Please write back every entry exactly, character for character.

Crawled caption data
*-*-*
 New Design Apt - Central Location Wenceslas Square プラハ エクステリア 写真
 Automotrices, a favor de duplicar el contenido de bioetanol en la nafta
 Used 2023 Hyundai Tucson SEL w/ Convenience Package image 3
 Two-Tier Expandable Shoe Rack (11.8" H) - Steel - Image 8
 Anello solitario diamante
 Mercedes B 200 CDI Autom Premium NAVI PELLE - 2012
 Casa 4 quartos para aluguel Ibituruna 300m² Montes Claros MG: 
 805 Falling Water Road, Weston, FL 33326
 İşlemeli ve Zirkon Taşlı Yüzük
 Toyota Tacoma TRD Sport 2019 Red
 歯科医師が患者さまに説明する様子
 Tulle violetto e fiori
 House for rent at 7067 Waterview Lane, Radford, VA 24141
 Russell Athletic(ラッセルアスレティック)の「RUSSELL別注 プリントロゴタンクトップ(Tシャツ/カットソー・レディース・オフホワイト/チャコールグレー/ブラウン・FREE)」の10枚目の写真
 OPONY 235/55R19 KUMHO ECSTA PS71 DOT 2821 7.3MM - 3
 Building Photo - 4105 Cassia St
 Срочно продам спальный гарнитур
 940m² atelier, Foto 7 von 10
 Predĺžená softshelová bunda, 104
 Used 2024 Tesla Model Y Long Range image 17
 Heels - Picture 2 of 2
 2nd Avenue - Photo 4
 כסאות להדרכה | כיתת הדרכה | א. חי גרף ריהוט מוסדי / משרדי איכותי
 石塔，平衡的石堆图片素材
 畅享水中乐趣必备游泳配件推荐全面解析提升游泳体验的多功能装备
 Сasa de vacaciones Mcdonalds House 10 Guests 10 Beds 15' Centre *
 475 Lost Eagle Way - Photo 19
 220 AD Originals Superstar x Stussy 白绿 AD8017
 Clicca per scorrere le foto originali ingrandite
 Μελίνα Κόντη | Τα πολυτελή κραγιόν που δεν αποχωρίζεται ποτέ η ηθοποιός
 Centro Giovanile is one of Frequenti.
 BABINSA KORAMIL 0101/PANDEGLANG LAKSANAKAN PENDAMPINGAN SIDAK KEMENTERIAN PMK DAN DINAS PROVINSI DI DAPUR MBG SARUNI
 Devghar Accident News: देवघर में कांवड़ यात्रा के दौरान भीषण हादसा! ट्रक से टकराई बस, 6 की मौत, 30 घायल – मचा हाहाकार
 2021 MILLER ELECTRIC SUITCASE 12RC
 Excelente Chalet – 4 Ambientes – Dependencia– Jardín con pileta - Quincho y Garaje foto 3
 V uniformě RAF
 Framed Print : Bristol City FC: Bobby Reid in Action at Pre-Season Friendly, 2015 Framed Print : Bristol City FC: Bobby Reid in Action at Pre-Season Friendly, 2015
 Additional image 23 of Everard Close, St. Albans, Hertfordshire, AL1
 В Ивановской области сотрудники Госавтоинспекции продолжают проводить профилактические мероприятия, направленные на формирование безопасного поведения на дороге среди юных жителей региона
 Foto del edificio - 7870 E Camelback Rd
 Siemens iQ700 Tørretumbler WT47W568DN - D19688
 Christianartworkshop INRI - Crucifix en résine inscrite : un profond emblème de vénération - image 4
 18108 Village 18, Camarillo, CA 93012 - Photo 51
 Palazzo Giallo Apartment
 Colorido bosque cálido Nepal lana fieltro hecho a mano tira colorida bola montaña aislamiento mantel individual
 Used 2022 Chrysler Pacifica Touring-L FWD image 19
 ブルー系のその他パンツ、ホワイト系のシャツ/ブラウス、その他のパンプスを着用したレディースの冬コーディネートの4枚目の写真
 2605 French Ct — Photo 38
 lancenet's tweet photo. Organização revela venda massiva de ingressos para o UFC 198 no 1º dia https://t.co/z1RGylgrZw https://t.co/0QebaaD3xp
*-*-*
◆ Result of the exercise
 New Design Apt - Central Location Wenceslas Square プラハ エクステリア 写真
 Automotrices, a favor de duplicar el contenido de bioetanol en la nafta
 Used 2023 Hyundai Tucson SEL w/ Convenience Package image 3
 Two-Tier Expandable Shoe Rack (11.8" H) - Steel - Image 8
 Anello solitario diamante
 Mercedes B 200 CDI Autom Premium NAVI PELLE - 2012
 Casa 4 quartos para aluguel Ibituruna 300m² Montes Claros MG: 
 805 Falling Water Road, Weston, FL 33326
 İşlemeli ve Zirkon Taşlı Yüzük
 Toyota Tacoma TRD Sport 2019 Red
 歯科医師が患者さまに説明する様子
 Tulle violetto e fiori
 House for rent at 7067 Waterview Lane, Radford, VA 24141
 Russell Athletic(ラッセルアスレティック)の「RUSSELL別注 プリントロゴタンクトップ(Tシャツ/カットソー・レディース・オフホワイト/チャコールグレー/ブラウン・FREE)」の10枚目の写真
 OPONY 235/55R19 KUMHO ECSTA PS71 DOT 2821 7.3MM - 3
 Building Photo - 4105 Cassia St
 Срочно продам спальный гарнитур
 940m² atelier, Foto 7 von 10
 Predĺžená softshelová bunda, 104
 Used 2024 Tesla Model Y Long Range image 17
 Heels - Picture 2 of 2
 2nd Avenue - Photo 4
 כסאות להדרכה | כיתת הדרכה | א. חי גרף ריהוט מוסדי / משרדי איכותי
 石塔，平衡的石堆图片素材
 畅享水中乐趣必备游泳配件推荐全面解析提升游泳体验的多功能装备
 Сasa de vacaciones Mcdonalds House 10 Guests 10 Beds 15' Centre *
 475 Lost Eagle Way - Photo 19
 220 AD Originals Superstar x Stussy 白绿 AD8017
 Clicca per scorrere le foto originali ingrandite
 Μελίνα Κόντη | Τα πολυτελή κραγιόν που δεν αποχωρίζεται ποτέ η ηθοποιός
 Centro Giovanile is one of Frequenti.
 BABINSA KORAMIL 0101/PANDEGLANG LAKSANAKAN PENDAMPINGAN SIDAK KEMENTERIAN PMK DAN DINAS PROVINSI DI DAPUR MBG SARUNI
 Devghar Accident News: देवघर में कांवड़ यात्रा के दौरान भीषण हादसा! ट्रक से टकराई बस, 6 की मौत, 30 घायल – मचा हाहाकार
 2021 MILLER ELECTRIC SUITCASE 12RC
 Excelente Chalet – 4 Ambientes – Dependencia– Jardín con pileta - Quincho y Garaje foto 3
 V uniformě RAF
 Framed Print : Bristol City FC: Bobby Reid in Action at Pre-Season Friendly, 2015 Framed Print : Bristol City FC: Bobby Reid in Action at Pre-Season Friendly, 2015
 Additional image 23 of Everard Close, St. Albans, Hertfordshire, AL1
 В Ивановской области сотрудники Госавтоинспекции продолжают проводить профилактические мероприятия, направленные на формирование безопасного поведения на дороге среди юных жителей региона
 Foto del edificio - 7870 E Camelback Rd
 Siemens iQ700 Tørretumbler WT47W568DN - D19688
 Christianartworkshop INRI - Crucifix en résine inscrite : un profond emblème de vénération - image 4
 18108 Village 18, Camarillo, CA 93012 - Photo 51
 Palazzo Giallo Apartment
 Colorido bosque cálido Nepal lana fieltro hecho a mano tira colorida bola montaña aislamiento mantel individual
 Used 2022 Chrysler Pacifica Touring-L FWD image 19
 ブルー系のその他パンツ、ホワイト系のシャツ/ブラウス、その他のパンプスを着用したレディースの冬コーディネートの4枚目の写真
 2605 French Ct — Photo 38
 lancenet's tweet photo. Organização revela venda massiva de ingressos para o UFC 198 no 1º dia https://t.co/z1RGylgrZw https://t.co/0QebaaD3xp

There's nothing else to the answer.